The Overwatch soundtrack (CD) allows the speaker to exercise a different muscle. Fusing electronic, acoustic and orchestral themes, it’s a rollercoaster suite that confirms this stereo pair can sound properly epic when required. Temple of Anubis has a deep driving bass riff, here given great heft and weight. That extra cabinet depth really allows them to drop low (although floorstanders with a comparative footprint could probably reach deeper). These speakers open up and engage, bristling with energy.
The modern jazz of HYPS Chaotic Planet (SACD) anchors these speakers in their comfort zone. Featuring speed percussion with massive transients, the drivers align perfectly for staccato drumbeats that land like jabs to the jaw. That tensegrity stand and Isolation Base combo lend these speakers a taut purity which is intoxicating.
This fresh vigour can also be heard the slightly off-kilter harmonies of If I Fell, from the remastered Hard Days Night (24-bit FLAC).
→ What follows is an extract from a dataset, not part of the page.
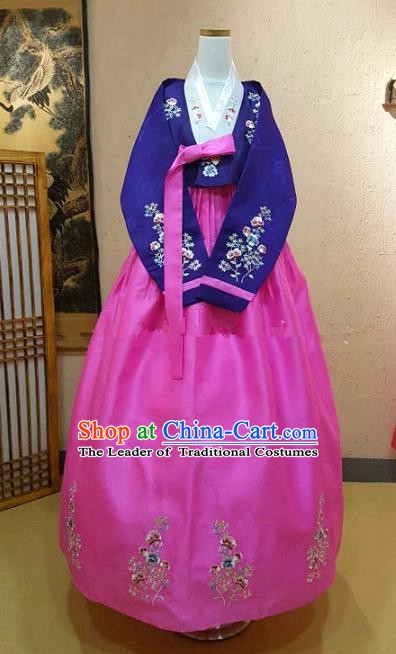 Top Grade Korean Hanbok Traditional Bride Purple Blouse and Pink Dress Fashion Apparel Costumes for Women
They reveal almost granular detail in Lennon and McCartney’s classic. Had the Fab Four ever pitched up in my living room, I suspect they would have sounded much the same.
Q Acoustics has produced something glorious here. Combining iconic style with a transparent, rewarding sonic performance, the Concept 300 don’t sit in judgement of musical taste. They don’t care that I want to listen to One OK Rock. They just offer unconditional listening.
Despite their size, the Concept 300 is also surprisingly interiors-friendly (a trick not to be sniffed at). Much of this is down to that unusual tripod stand. After a while you tend to look straight through it; the speakers almost seem to float.
It’s not often in the world of Hi-Fi you experience something wholly original. The Concept 300 may build on classic sonic principles, but the result is fresh and new. Audition as a matter of urgency.